After all, what coach has done more with less than the Pirates’ fourth-year coach?
East Carolina got off to a hot start and was the talk of the nation after upsetting the Hokies and Mountaineers. You couldn’t turn on any of the ESPN networks without hearing about ECU. Will the Pirates go unbeaten? Are they this year’s Cinderella? Can they crack the BCS?
But a heart-wrenching overtime loss to N.C. State sent the television cameras packing in search of another Cinderella.
However, with the national spotlight turned elsewhere, Holtz began his finest coaching job of the season.
East Carolina began losing starter-after-starter to injury and dropped three straight games to fall to 3-3 on the year.
Immediately the snarling began.
Can they even compete in Conference USA? Was there hot start a fluke? Will they even make it to a bowl game?

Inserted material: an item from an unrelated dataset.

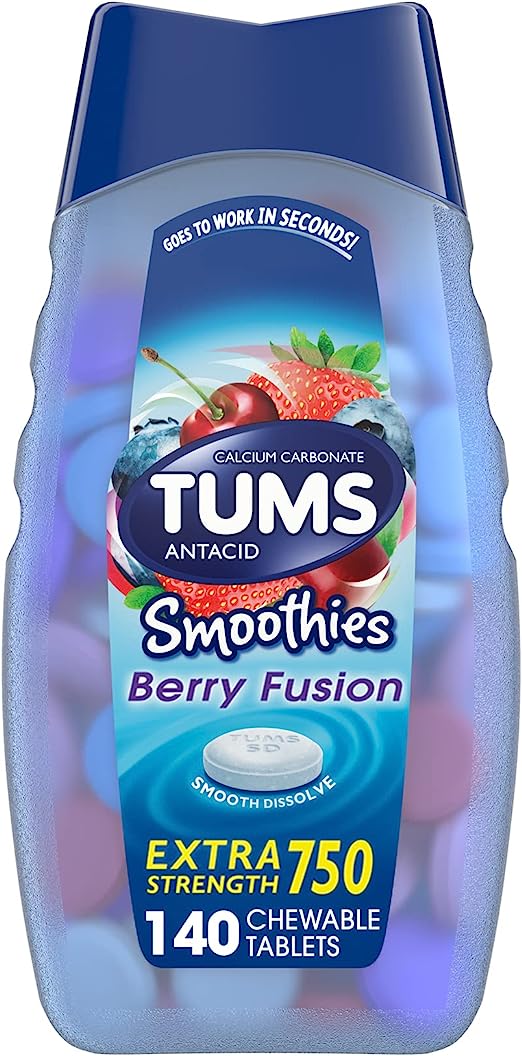 TUMS Smoothies Extra Strength Antacid Tablets for Chewable Heartburn Relief and Acid Indigestion Relief, Berry Fusion - 140 Count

Over the course of the season, the Pirates lost more than 20 members of their two-deep depth chart to injury. Eleven of those guys are out for the season.
But some how, Holtz kept them together.
This season, the Pirates lost their projected starting running back (Dominique Lindsay) in the preseason, another top tailback (Jonathan Williams) to suspension, their top two receivers (Jamar Bryant to suspension and Dwayne Harris to injury), their best offensive lineman (Stanley Bryant), their star middle linebacker (Quentin Cotton), their starting cornerback (Jerek Hewett), and kick returner (T.J. Lee) for the year.
Several other starters also missed several games.
Most teams would’ve folded. Called it bad luck and turned their attention to next season.
But Holtz refused to give up. He wouldn’t accept injuries as an excuse. The Pirates set the goal of winning a conference championship, and darn it, that’s what they were going to do, regardless.
Holtz didn’t take his players out of their element. He simply adjusted his scheme to give them the best chance of winning.
Though East Carolina’s offense became about as fun to watch as the birth of a baby orca on the animal planet, the Pirates were effective down the stretch.
Holtz knew his offense was short on playmakers, so he put the pressure on his defense to win games, and asked his offense to control the ball and not make mistakes.
It was ugly at times, but the Pirates won five of their last six games. Three of those coming by four points or less.
Now, after leading ECU (8-4, 6-2 in C-USA East) from bottom-feeder to the Conference USA Championship Game in just four years, Holtz is one of the hottest coaching candidates in the country. His name has been linked to the vacancy at Syracuse, and just last year he was considered a candidate at Georgia Tech and Arkansas.
It’s a testament to the job that Holtz has done at East Carolina.
And this season’s coaching job may be the finest work to-date for one of the nation’s top college football coaches.